4. The main difference of the metaverse from other gaming projects is the absence of a script. Instead, a wide range of other possibilities opens up, allowing autonomous agents to create dynamic worlds. 

Most of us have seen how ChatGPT works — a chat where you can ask questions and receive answers. It keeps getting more sophisticated. On the basis of ChatGPT, new solutions have emerged that bring closer the realization of the idea of AGI, which could not only perform tasks given by humans but also set its own tasks. 

In March 2023, a project named Auto-GPT was introduced. It is a product that feeds ChatGPT an abstract task and asks it to solve the question. Then comes the most interesting part. Auto-GPT creates new autonomous agents, each of whom is given some tasks. Like the duplicates in the Strugatsky brothers’ novel ‘Monday Begins at Saturday’. You were handed a big task from above. You break it into many small tasks and for each you create a gnome who can do only one thing, but very well. And then this task assembles backward.

It’s easy to imagine a hypothetical NPC in a computer game with such capabilities and Internet access. The next step is a virtual world populated by such characters, with whom you can interact and who can interact with each other. each other.

5. Virtual technologies will reshape ordinary reality. When metaverses powered by autonomous agents appear, they will transform our lives. 

Already today we have the opportunity for every student to assemble their own personal teacher who will not only deliver knowledge in the format most understandable to the child, but will also shape the program to be as enjoyable, convenient, and gamified as needed. And who will verify all this? The LLM itself can perform this task, but the problem is that only when the child grows up will we understand what they were actually doing and how it affected their development.  

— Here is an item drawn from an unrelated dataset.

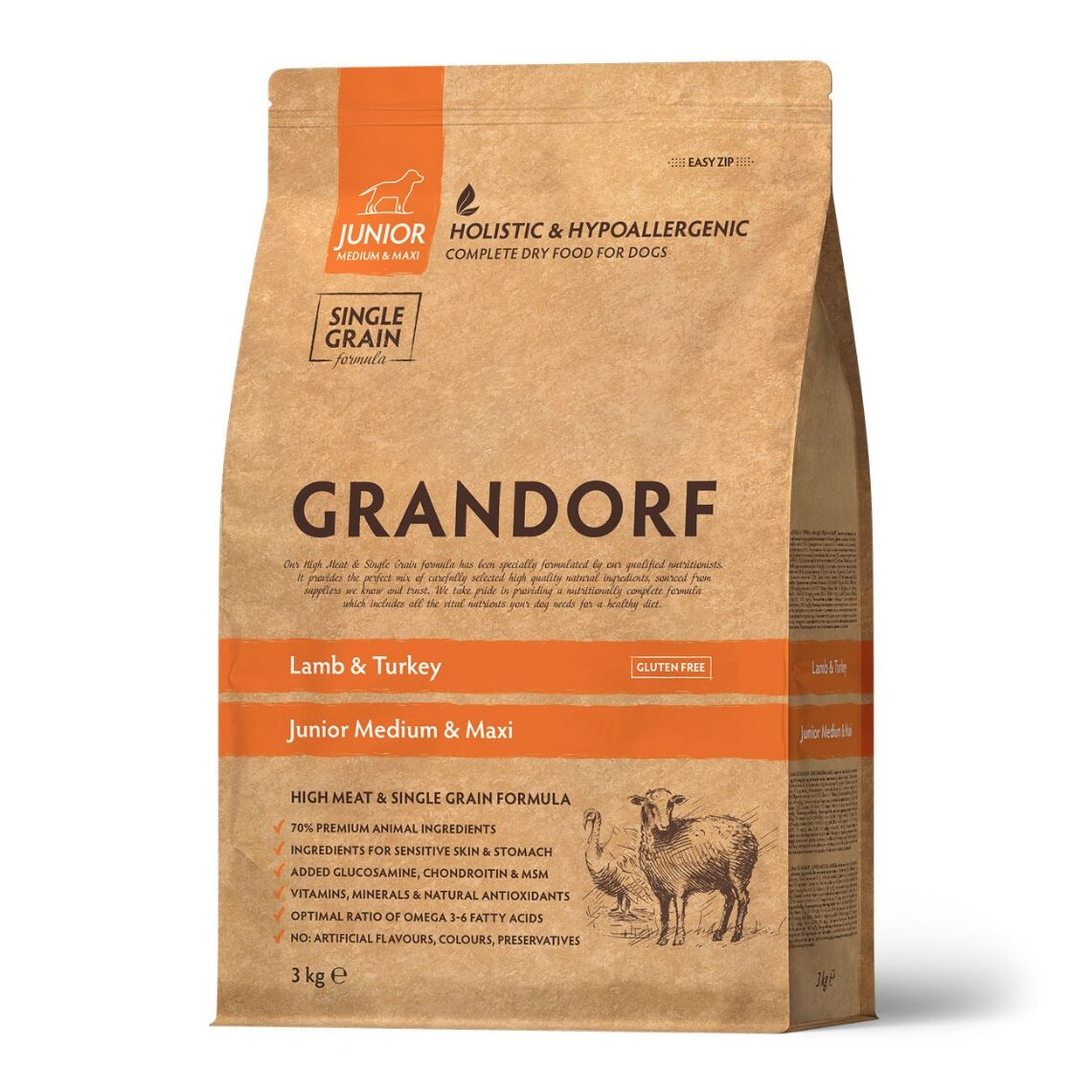 GRANDORF DOG Junior Medium&Maxi для юниоров средних и крупных пород Ягненок индейка 3 кг(холистик)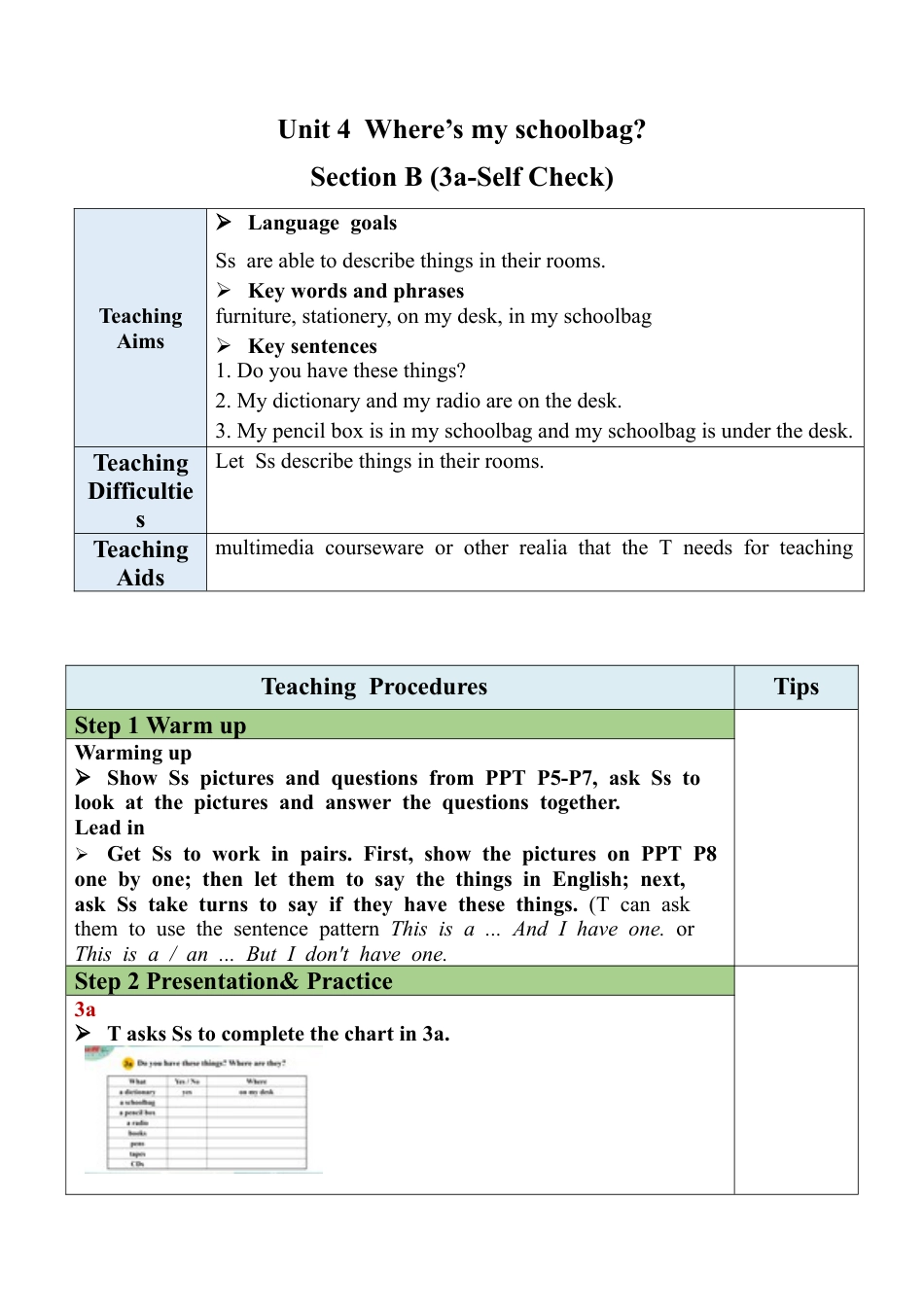 人教七年级上-Unit 4 Section B (3a-Self Check).docx_第1页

Who else is likely to deploy such in the near future? Politicians. Here we come to another problem. Let us go back a few years and remember how computers were just learning to play Go, which, as was thought, could not be algorithmized — too many possible moves. 

Naturally, artificial intelligence didn’t just beat a human; it did so cleanly. The interesting thing is not so much that it won, but how it did it. During the match, gray-haired men who had spent their lives playing Go watched the computer play and simply didn’t understand what was happening. 

And the biggest problem is that we may not even notice this until it is too late.